Они приезжали и видели. Они видели узников, впряженных в каток, — ничего подобного им раньше видеть не приходилось. Они рассказывали об этом своим знакомым. Лагерь был изолирован, строящаяся дорога была изолирована, однако новый способ дорожного строительства возбуждал любопытство, и многие просили у коменданта пропуск, чтобы посмотреть на работы. Комендант гордился всеобщим интересом к своей идее.
Сибилла между тем приехала в крупный город на юге Германии, чтобы ускорить освобождение Густава. Прослышав об идее нового коменданта, она раздобыла себе пропуск. Ежедневно выезжала она к месту, где заключенные тянули каток.
На седьмой день очередь дошла до отделения, в которое входил Густав. Здоровье Густава за последнее время ухудшилось. Он страдал одышкой. Муштра утомляла его с каждым разом сильнее. Он все чаще и чаще впадал в обморочное состояние.
Но в день, когда его впрягли в каток, он чувствовал себя довольно бодро. Натягивая лямку — ге-гей-гейль Гитлер, — он думал о многом, а этого с ним давно не случалось. Он вспоминал пасхальный вечер у Жака Лавенделя в Лугано; Бертольда уже не было. Будь он жив, он бы спрашивал: «Чем отличается эта ночь от всех других ночей?» Ему, Густаву, следовало бы о Бертольде подумать, а не о Жане. Жан стал нацистом. Может быть, он здесь, среди конвойных. Нет, для этого он, пожалуй, слишком стар. У Жана такое величественное лицо, почему бы им не сделать Жана министром? У них мало фюреров с хорошими лицами. Он вспоминает коллекцию Тейбшица. Смеяться, когда ты впряжен в паровой каток, нельзя — очень режет плечи, — но улыбаться можно, тем более что курчавая борода скрывает улыбку. Как медленно движется каток, ужасно медленно. «Шествуй своим медленным шагом, вечный промысл». Нет, не «медленным», а «невидимым». «Шествуй своим невидимым шагом, вечный промысл». Досадно, что он не может вспомнить, как дальше. Столько лет потратить на изучение Лессинга, а потом забыть эту цитату. Куда же ведет дорога, по которой они тянут каток? Они строили города для фараонов — Пифон и Рамзес. Но там это имело смысл, а вот есть ли смысл в этой дороге? Ура. Он вспомнил, как дальше: «И пусть незримость твоих шагов не введет меня в сомненье». Ему было приятно, что он вспомнил. Он ослабил лямку и перестал думать.

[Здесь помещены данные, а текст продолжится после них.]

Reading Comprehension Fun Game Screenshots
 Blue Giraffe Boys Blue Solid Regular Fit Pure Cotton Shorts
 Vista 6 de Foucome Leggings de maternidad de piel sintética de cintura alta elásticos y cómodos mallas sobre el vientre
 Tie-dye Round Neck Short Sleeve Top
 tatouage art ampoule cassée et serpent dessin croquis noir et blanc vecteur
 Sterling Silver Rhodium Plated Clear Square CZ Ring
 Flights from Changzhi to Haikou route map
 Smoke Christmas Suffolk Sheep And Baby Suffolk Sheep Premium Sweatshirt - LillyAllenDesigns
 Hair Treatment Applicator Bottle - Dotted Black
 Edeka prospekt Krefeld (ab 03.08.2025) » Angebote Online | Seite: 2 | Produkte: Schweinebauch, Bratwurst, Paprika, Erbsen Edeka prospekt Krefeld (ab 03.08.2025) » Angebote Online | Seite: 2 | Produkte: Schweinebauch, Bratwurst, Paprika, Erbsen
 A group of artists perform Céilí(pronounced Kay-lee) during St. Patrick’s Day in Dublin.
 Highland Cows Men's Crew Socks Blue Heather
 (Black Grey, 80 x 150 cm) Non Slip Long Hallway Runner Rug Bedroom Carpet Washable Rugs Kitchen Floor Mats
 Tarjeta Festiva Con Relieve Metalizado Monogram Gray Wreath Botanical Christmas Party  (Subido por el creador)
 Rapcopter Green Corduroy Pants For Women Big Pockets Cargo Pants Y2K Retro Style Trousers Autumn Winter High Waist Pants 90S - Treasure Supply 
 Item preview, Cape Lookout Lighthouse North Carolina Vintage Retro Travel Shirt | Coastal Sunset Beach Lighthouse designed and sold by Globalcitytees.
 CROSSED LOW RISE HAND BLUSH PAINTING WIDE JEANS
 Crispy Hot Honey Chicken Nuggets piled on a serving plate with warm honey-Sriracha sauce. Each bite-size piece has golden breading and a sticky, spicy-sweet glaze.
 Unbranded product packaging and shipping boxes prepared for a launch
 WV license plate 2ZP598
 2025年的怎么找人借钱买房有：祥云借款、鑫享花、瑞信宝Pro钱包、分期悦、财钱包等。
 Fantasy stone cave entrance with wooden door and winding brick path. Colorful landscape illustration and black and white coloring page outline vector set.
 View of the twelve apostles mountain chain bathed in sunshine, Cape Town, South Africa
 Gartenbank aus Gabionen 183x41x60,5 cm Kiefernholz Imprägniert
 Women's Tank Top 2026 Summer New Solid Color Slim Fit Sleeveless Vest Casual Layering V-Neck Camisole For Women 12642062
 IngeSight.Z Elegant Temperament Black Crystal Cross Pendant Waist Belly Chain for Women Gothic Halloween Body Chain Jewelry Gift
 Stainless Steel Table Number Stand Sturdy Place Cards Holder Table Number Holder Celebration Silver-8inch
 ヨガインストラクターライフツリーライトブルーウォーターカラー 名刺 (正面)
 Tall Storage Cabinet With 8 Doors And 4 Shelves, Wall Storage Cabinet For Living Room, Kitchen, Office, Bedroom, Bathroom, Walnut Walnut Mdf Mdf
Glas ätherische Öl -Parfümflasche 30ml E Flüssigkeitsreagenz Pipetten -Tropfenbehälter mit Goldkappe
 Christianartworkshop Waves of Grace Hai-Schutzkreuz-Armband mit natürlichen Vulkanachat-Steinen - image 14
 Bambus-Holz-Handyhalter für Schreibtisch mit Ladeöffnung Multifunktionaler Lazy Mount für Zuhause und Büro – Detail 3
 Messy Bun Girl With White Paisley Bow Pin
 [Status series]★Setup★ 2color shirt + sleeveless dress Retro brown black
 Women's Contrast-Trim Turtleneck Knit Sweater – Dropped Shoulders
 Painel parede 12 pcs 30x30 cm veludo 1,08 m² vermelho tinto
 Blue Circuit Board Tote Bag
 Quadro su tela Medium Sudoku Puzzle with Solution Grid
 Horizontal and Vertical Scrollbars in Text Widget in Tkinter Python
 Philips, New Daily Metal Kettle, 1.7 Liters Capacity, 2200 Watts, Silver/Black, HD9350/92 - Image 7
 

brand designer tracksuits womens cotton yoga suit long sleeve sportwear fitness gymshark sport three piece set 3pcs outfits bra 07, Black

И в этот день Сибилла была здесь и внимательно оглядывала лица заключенных. Лица были сплошь бородатые, почти все в кровоподтеках, — не узнать того, кого ищешь. Было странно думать, что один из этих людей не спал однажды ночь потому только, что не находил для своего кабинета обоев должной окраски; что он мучился вопросом, хорошо ли звучит написанная им фраза, и что она, Сибилла, была с ним близка. Она сидела в своем маленьком смешном автомобиле, который завяз у края дороги в топком грунте, — трудно будет его вытащить. Она сидела тоненькая, задумчивая и по-детски печальным взором оглядывала лица арестантов, но Густава так и не узнала.
Через день ей дали с ним свиданье. Она приехала в лагерь. Ее проводили в приемную. За барьером, под конвоем двух ландскнехтов, появился измученный, худой, грязный старик. Сибилла побледнела, от испуга у нее сжалось сердце. Но она сделала над собой усилие, она улыбнулась. В этой улыбке не было прежней ребячливости, подбородок у Сибиллы дрожал, но все же это была улыбка. А потом, — пусть это было не умно — ведь он Георг Тейбшиц, — но она не могла сдержать себя, она не могла назвать его чужим именем. Она сказала:
— Алло, Густав! — и ее нежный, высокий голос был полон радости, сострадания, сердечности, надежды, утешенья, призыва: — Алло, Густав!
— Слушаюсь! — испуганно сказал старик и прикрыл рукою лицо.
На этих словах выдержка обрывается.